You will have problems obtaining anything more than 5-7Mbit/s based 
on 1500 byte Ethernet packets and a RTT latency of 70-90ms. You can 
increase your window size or use Jumbo Ethernet frames. Almost all 
GigE gear supports jumbo frames. I'm not sure of your application, 
but without OS tweaks, each stream is limited to 5-7Mbit/s. You can 
open multiple streams between the same two hosts or you can use 
multiple hosts to transfer your data. You can utilize the entire DS3, 
but not without OS TCP stack tweaks or a move to jumbo frames. You 
can also use UDP or another connectionless packet method to move the 
data between sites. Good luck.


-Robert



Tellurian Networks - Global Hosting Solutions Since 1995
http://www.tellurian.com | 888-TELLURIAN | 973-300-9211
"Well done is better than well said." - Benjamin Franklin



Re: TCP and WAN issue

2007-03-27 Thread Joe Abley



On 27-Mar-2007, at 16:35, Joe Abley wrote:

You might take a look through RFC 2488/BCP 28, if you haven't  
already. The circuit propagation delays in that scenarios painted  
by that document are far higher than yours, but the principles are  
the same.


"... in *the* scenarios..." I am having trouble with words, today.




Re: TCP and WAN issue

2007-03-27 Thread Roland Dobbins



On Mar 27, 2007, at 1:26 PM, Philip Lavine wrote:


inherent in Windows (registry tweaks seem to not functions too well)?
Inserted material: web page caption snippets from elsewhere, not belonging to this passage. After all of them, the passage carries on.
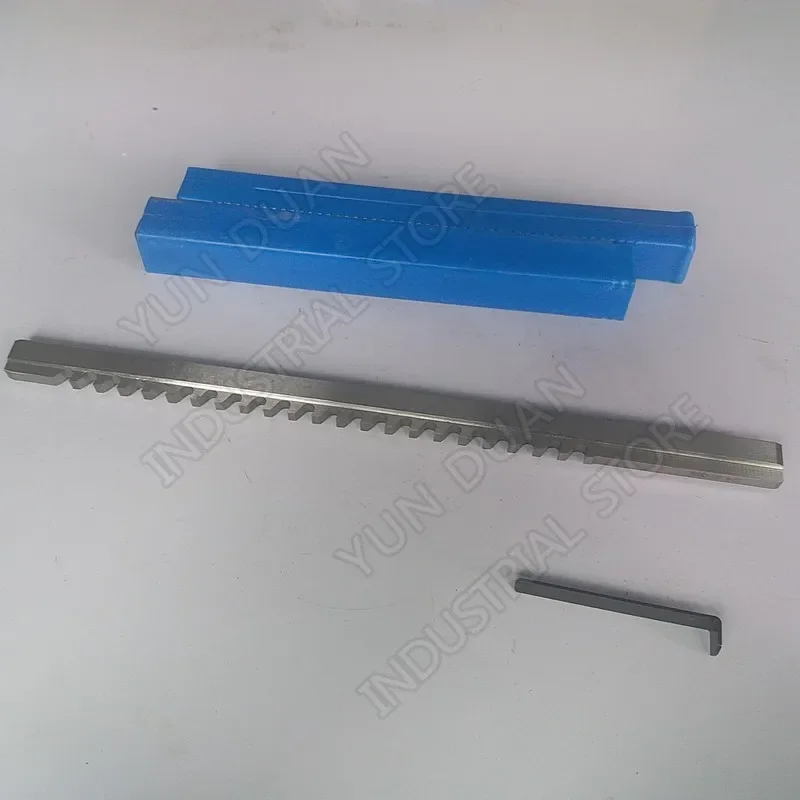 8mm C Keyway Broach  Push Type High speed steel HSS Cutting Tool for CNC Broaching machine Metalworking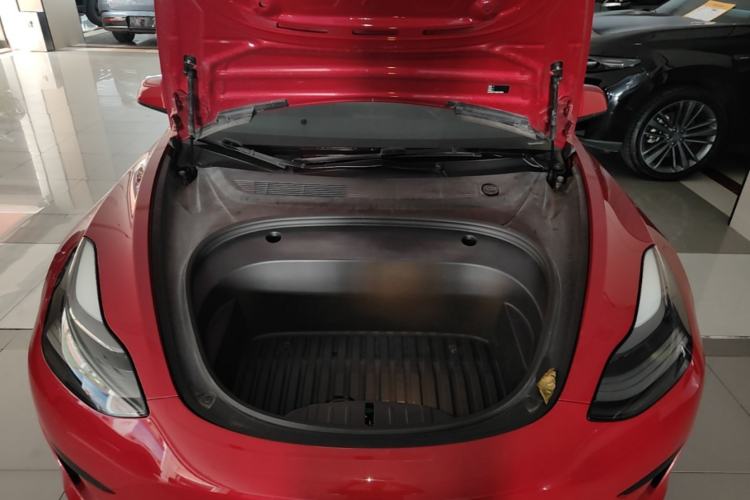 Used Tesla Model 3 2021 Standard Range Rear-Wheel Drive Upgraded Version 3D6 Engine Bay
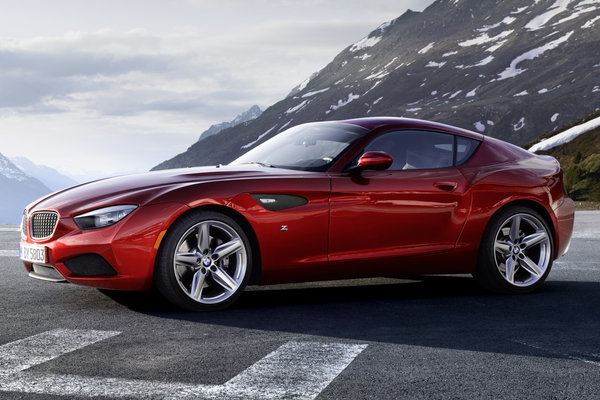 2012 BMW Zagato Coupe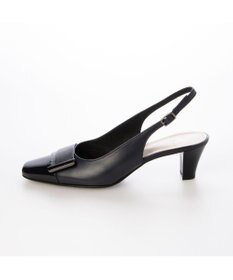 Riz raffinee <Riz raffinee>バックルモチーフバックベルトパンプス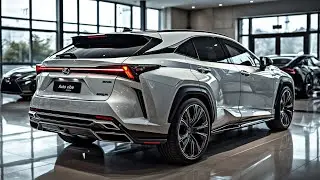 Представлен Lexus TX 350 2026 года | Дата выхода, цена, характеристики и полный обзор этого роско...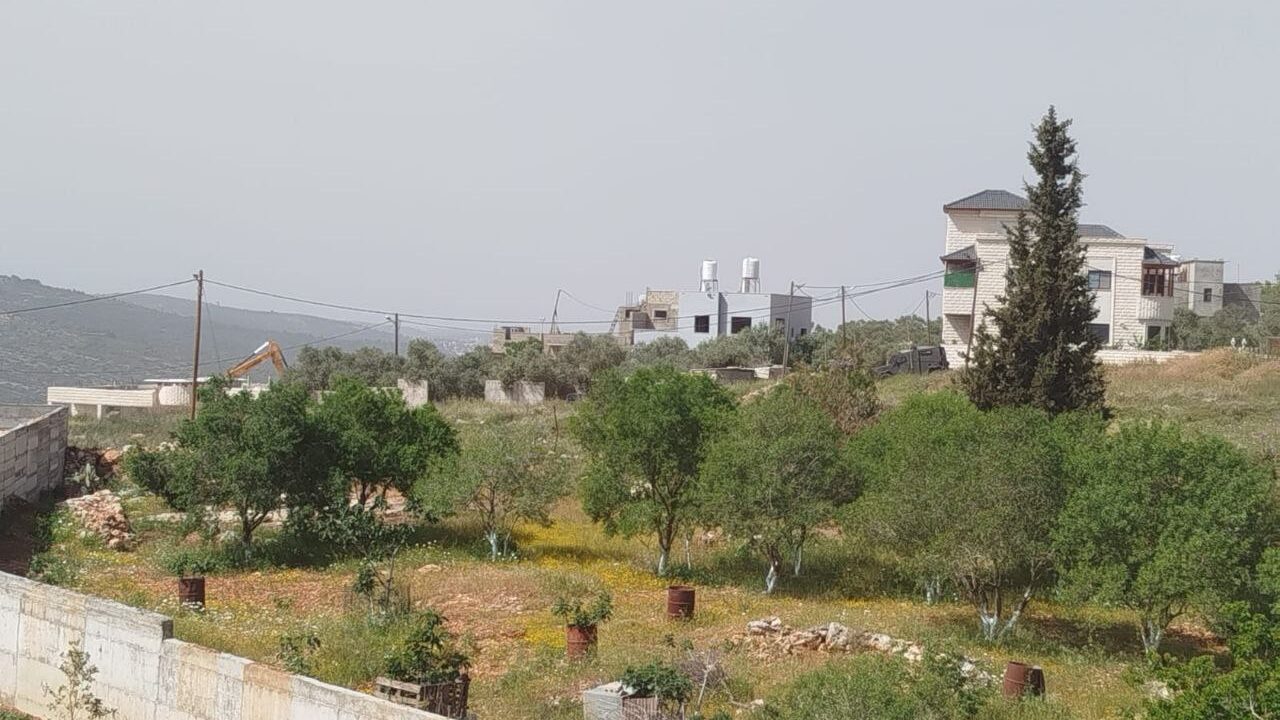 الاحتلال يهدم منزلين في اسكاكا شرق سلفيت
You should certainly look at your MTU and MSS values to ensure there  
are no difficulties of that sort.  Is there any other factor such as  
perhaps slow DNS server (or other lookup-type services) responses  
which can be contributing to the perceived slowness?  How about  
tuning the I/O buffers on the relevant routers?  Can you tune the I/O  
buffers on the servers?


And what about your link utilization?  Is the DS3 sufficient?  Take a  
look at pps and bps, and take a look at your average packet sizes  
(NetFlow can help with this).  Are your apps sending lots of smaller  
packets, or are you getting nice, large packet-sizes?


Finally, if none of the above help, you could look at something like  
SCTP, if your servers and apps support it.  But I'd go through the  
above exercise, first.


---
Roland Dobbins <[EMAIL PROTECTED]> // 408.527.6376 voice

Words that come from a machine have no soul.

  -- Duong Van Ngo



Re: TCP and WAN issue

2007-03-27 Thread Joe Abley



On 27-Mar-2007, at 16:26, Philip Lavine wrote:

I have an east coast and west coast data center connected with a  
DS3. I am running into issues with streaming data via TCP and was  
wondering besides hardware acceleration, is there any options at  
increasing throughput and maximizing the bandwidth? How can I  
overcome the TCP stack limitations inherent in Windows (registry  
tweaks seem to not functions too well)?


You might take a look through RFC 2488/BCP 28, if you haven't  
already. The circuit propagation delays in that scenarios painted by  
that document are far higher than yours, but the principles are the  
same.



Joe




TCP and WAN issue

2007-03-27 Thread Philip Lavine

To all,

I have an east coast and west coast data center connected with a DS3. I am 
running into issues with streaming data via TCP and was wondering besides 
hardware acceleration, is there any options at increasing throughput and 
maximizing the bandwidth? How can I overcome the TCP stack limitations inherent 
in Windows (registry tweaks seem to not functions too well)?